- Prof. Hamid Garmestani, Advisor, MSE
- Prof. Steven Liang, ME
- Prof. David L. McDowell, ME/MSE
- Prof. Preet Singh, MSE
- Prof. Saïd Ahzi, MSE
Self-consistent Modeling and Material Property Analysis of an Additively Manufactured Polycrystalline Material
Material testing is a cornerstone to understanding how a given material will perform when used in an engineering application. The procedure for investigating properties begins with manufacturing a physical structure, rigorously testing replicates either destructively or non-destructively, and then analyzing material's properties using microscopy. This process is both labor intensive and financially burdensome so recent studies have cut the number of samples and overall scope of study that determines how a material can best be utilized. Conducting simulations of material microstructures provides a cost-effective method of maximizing data. The simulations can be linked to experimental data to form useful and flexible models.
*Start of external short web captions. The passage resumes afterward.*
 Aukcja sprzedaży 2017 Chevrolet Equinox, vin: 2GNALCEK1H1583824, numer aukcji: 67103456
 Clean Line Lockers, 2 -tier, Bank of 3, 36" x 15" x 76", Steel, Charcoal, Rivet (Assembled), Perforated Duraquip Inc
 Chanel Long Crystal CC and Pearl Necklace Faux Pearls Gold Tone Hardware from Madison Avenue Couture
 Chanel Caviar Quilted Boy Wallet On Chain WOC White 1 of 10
This research expands on material modeling in the field of Additive Manufacturing (AM) by selecting the manufacturing method (Selective Laser Melting (SLM)), choosing a multi-phase crystalline structure of extreme relevance to the manufacturing industries, and focusing on generating a realistic texture microstructural representation of the material by combining process parameters with statistical continuum mechanics theory. Once the material nature is distilled under the continuum, it can be expanded into a full-size structure with common occurring defects and inelastic strain effects by mimicking experimental data studied on samples produced in a similar manner. The bulk material structure can then be expanded into an AM part and its microstructure linked with a desired material property. This study utilizes a self-consistent model to generate a representative texture with the final goal of predicting inelastic properties of the polycrystalline material Titanium-6Al -4V.
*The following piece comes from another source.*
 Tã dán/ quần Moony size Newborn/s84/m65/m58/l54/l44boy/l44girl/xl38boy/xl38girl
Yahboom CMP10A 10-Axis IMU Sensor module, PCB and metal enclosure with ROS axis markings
This model builds upon extensive research done by Garmestani et al. His previous work successfully modeled a single-phase body-center-cubic (BCC) structure representing the Ti-beta phase via melt pool thermal evolution using the Rosenthal model. Since then, I have expanded the model to represent two phases, adding the hexagonal close-packed (HCP) structure representative of the Ti-alpha phase by modeling secondary-phase precipitation tied to the cooling of the microstructure. This was accomplished via Bunge texture and microstructure analysis methods. The model controls the texture by generating and then manipulating Euler angles to create unique electron backscatter diffraction (EBSD) and orientation distribution functions (ODF) data.
The outlook of this research will add one- and two-dimensional defects as well as incorporate process parameter effects with the intension of constructing a final texture that can be expanded into a fully simulated AM SLM part. The final goal of this project is to formulate a relationship between the generated material texture and the material property of inelastic strain. In accomplishing this endeavor, the model will be easily tailorable towards other properties as well as different crystalline materials. This study aims to better understand a multitude of properties without the financial impact of manufacturing and testing physical samples. This model could assist in predicting the properties of a given material in advance and offer modifications to manufacturing process parameters to achieve a desirable microstructure that will perform as intended.